Dataset entries:
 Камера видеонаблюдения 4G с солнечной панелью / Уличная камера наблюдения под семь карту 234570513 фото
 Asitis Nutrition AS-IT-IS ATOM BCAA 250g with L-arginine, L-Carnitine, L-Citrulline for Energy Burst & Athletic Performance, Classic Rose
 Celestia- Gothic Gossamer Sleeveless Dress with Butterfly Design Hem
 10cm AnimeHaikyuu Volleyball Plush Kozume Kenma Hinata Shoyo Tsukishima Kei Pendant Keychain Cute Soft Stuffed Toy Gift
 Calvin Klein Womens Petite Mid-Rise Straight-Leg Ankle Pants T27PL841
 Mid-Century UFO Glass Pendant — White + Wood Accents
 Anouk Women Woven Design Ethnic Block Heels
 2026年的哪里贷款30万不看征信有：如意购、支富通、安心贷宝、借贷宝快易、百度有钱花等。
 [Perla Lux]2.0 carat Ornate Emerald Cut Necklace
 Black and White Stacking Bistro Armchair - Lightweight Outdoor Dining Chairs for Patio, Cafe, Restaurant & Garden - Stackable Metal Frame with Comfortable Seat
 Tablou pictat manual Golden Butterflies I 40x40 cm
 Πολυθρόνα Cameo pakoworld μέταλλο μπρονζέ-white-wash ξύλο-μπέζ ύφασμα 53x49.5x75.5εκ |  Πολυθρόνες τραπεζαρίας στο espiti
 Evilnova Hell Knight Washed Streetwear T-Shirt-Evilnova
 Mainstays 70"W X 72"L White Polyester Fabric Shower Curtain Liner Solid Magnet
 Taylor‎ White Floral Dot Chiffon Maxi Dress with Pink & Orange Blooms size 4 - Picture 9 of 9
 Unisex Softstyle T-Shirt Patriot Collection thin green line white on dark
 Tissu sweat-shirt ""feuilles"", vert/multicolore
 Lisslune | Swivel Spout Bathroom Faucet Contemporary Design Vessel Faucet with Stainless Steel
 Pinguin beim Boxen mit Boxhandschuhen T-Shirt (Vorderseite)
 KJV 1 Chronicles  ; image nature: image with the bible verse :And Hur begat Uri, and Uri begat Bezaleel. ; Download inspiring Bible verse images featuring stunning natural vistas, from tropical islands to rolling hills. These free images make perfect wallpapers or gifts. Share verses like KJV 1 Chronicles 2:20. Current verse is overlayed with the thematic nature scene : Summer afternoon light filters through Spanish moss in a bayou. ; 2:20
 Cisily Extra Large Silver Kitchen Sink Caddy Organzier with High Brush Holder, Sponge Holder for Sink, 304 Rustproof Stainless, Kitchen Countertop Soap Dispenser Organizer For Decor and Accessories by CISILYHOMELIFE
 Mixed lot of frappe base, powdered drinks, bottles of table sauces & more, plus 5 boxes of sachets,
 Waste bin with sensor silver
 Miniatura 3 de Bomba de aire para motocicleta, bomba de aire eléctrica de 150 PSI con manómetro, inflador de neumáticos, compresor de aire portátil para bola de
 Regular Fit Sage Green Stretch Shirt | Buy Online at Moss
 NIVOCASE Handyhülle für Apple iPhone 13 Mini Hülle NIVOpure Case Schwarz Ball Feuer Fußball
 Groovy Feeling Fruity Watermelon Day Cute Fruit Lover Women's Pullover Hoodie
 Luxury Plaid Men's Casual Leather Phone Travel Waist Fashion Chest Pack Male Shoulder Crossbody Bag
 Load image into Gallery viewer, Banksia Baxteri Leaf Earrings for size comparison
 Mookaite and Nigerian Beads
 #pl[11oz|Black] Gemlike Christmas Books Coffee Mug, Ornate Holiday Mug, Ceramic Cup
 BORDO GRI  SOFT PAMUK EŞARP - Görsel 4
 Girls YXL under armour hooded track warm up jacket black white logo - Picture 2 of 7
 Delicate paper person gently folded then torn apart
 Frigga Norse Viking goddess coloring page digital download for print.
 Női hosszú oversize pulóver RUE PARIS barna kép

**YOUR ASSIGNMENT:**
Copy out the lines above, from the one holding "Girls YXL under" through the final line, with no other lines.

**EXERCISE RESULT:**
 Girls YXL under armour hooded track warm up jacket black white logo - Picture 2 of 7
 Delicate paper person gently folded then torn apart
 Frigga Norse Viking goddess coloring page digital download for print.
 Női hosszú oversize pulóver RUE PARIS barna kép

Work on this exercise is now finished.